NASA gets up close and personal with Vesta asteroid

NASA’s Dawn spacecraft has successfully maneuvered into its closest orbit around the giant asteroid Vesta. 



The spacecraft is currently circling Vesta at an altitude averaging approximately 130 miles (210 kilometers), as it kicks off the next phase of its mission known as low altitude mapping orbit.



“Dawn has performed some complicated and beautiful choreography in order to reach this lowest orbit,” explained Marc Rayman, Dawn chief engineer and mission manager based at NASA’s Jet Propulsion Laboratory, Pasadena, Calif.

“We are [now] in an excellent position to learn much more about the secrets of Vesta’s surface and interior.”

Launched in 2007, Dawn has been in orbit around Vesta, the second most massive object in the asteroid belt between Mars and Jupiter, since July 15. The team plans to acquire data in the low orbit for at least 10 weeks.

Dawn’s framing camera and visible and infrared mapping spectrometer instruments will image portions of the surface at greater resolution than obtained at higher altitudes. However, the primary goal of the low orbit mission is to collect data for the gamma ray and neutron detector (GRaND), as well as for a gravity experiment. 



Indeed, GRaND will be searching for the by-products of cosmic rays reflected off Vesta to reveal the identities of various atoms in the surface of the asteroid.

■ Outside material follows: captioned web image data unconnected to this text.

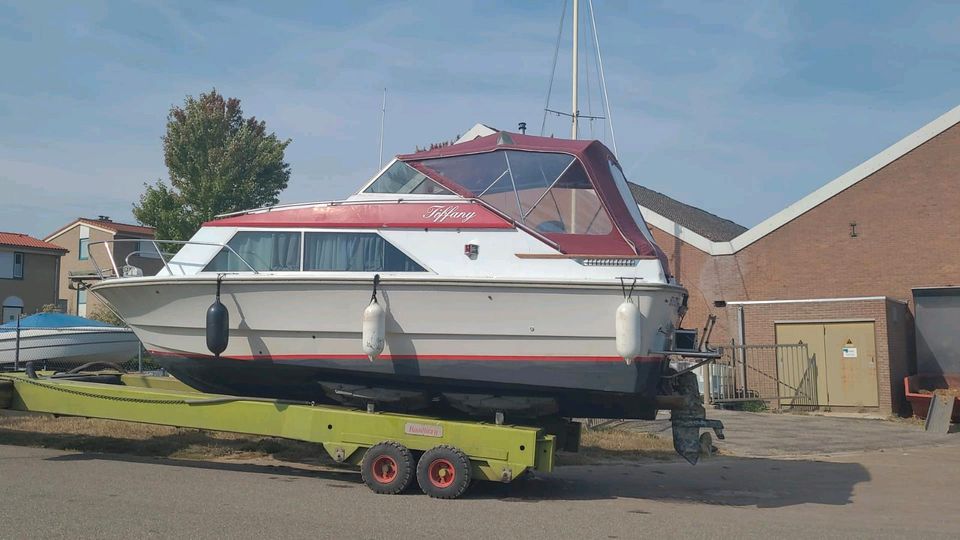 MOTORBOOT, KAJÜTBOOT, FJORD ATTACHE 24 in Herten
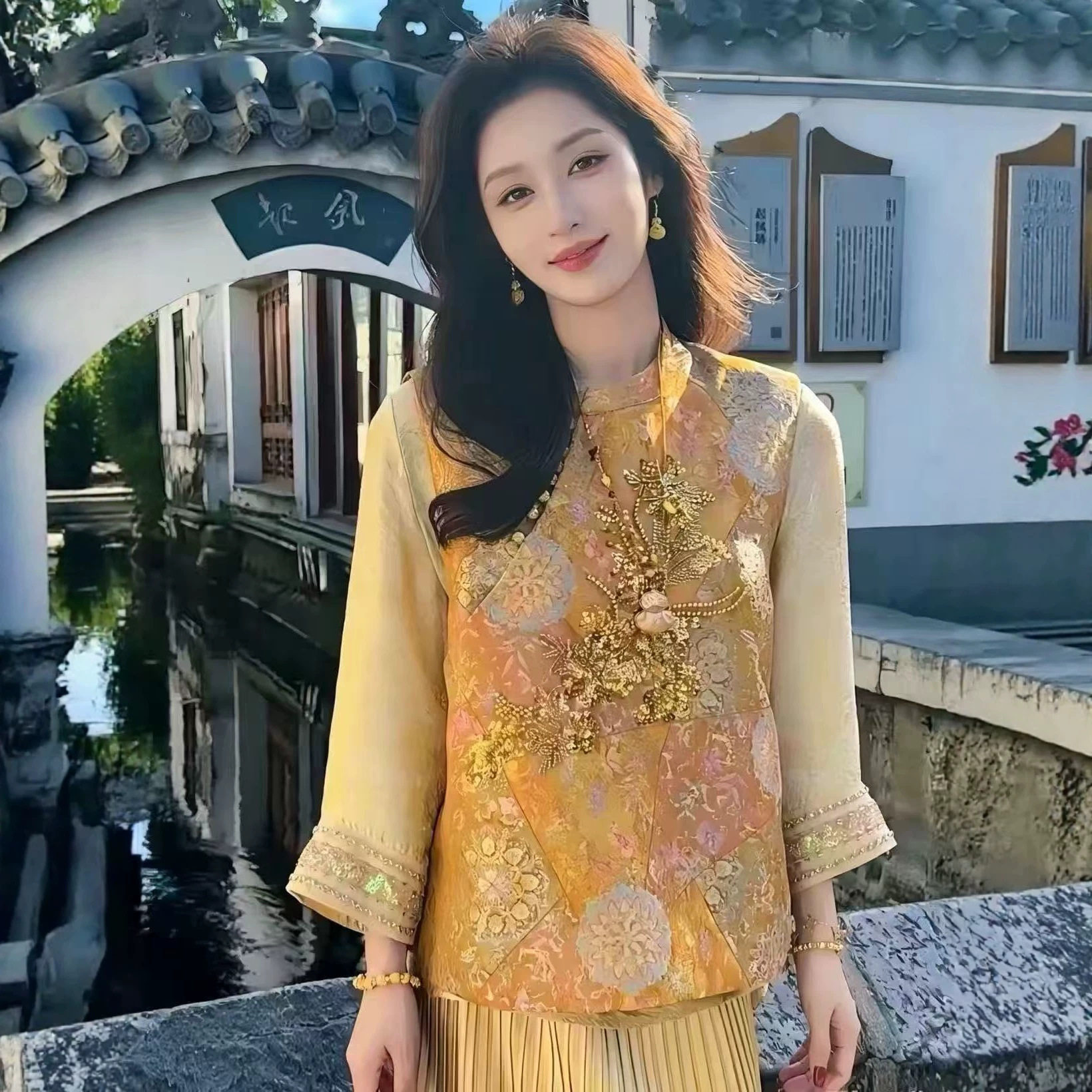 园园美衣风人丝提花古法绣钉珠轻奢马甲复古高级感无袖坎肩马夹女图片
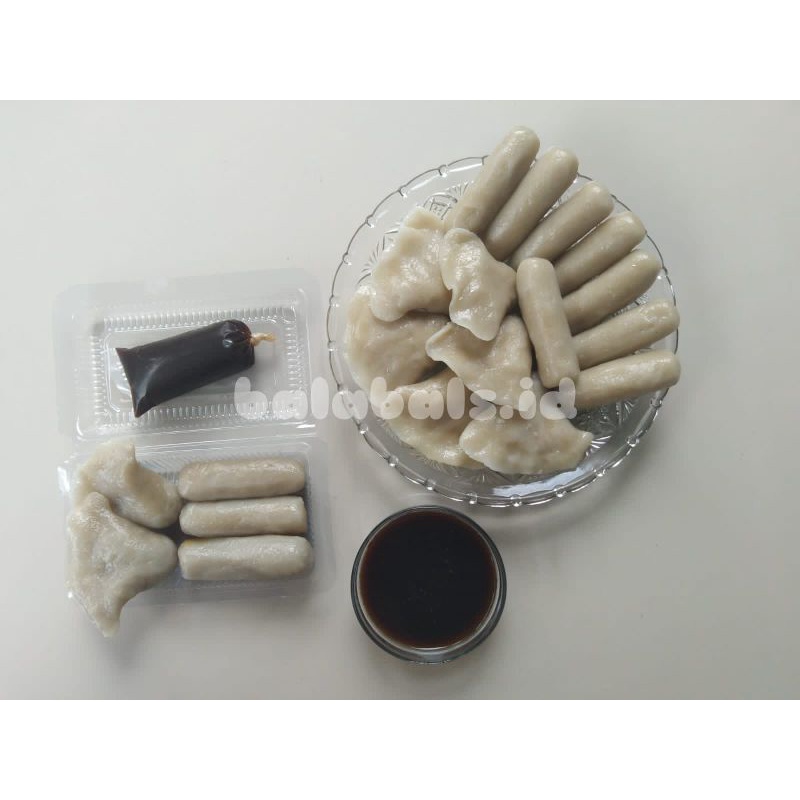 

Pempek ikan kakap (dapat cuko)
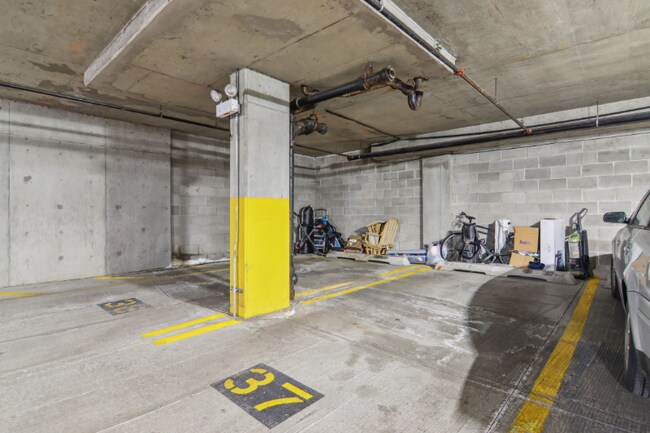 Building Photo - 4814 N Damen Ave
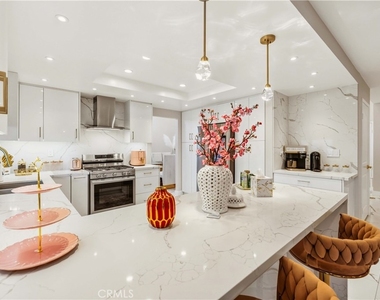 4561 Grandview - Photo Thumbnail 19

Close proximity to Vesta also enables ultrasensitive measurements of its gravitational field, providing scientists with new data about the way masses are arranged in the giant asteroid’s interior.

“Dawn’s visit to Vesta has been eye-opening so far, showing us troughs and peaks that telescopes only hinted at,” said Christopher Russell, Dawn’s principal investigator, based at UCLA. 


“It whets the appetite for a day when human explorers can see the wonders of asteroids for themselves.”

After Dawn completes its low altitude mapping, the spacecraft will spiral out and conduct another science campaign at the high altitude mapping orbit altitude (420 miles, or 680 kilometers), when the sun will have risen higher in the northern regions. 



Dawn is slated to leave Vesta in July 2012 and arrive at its second destination, the dwarf planet Ceres, in February 2015.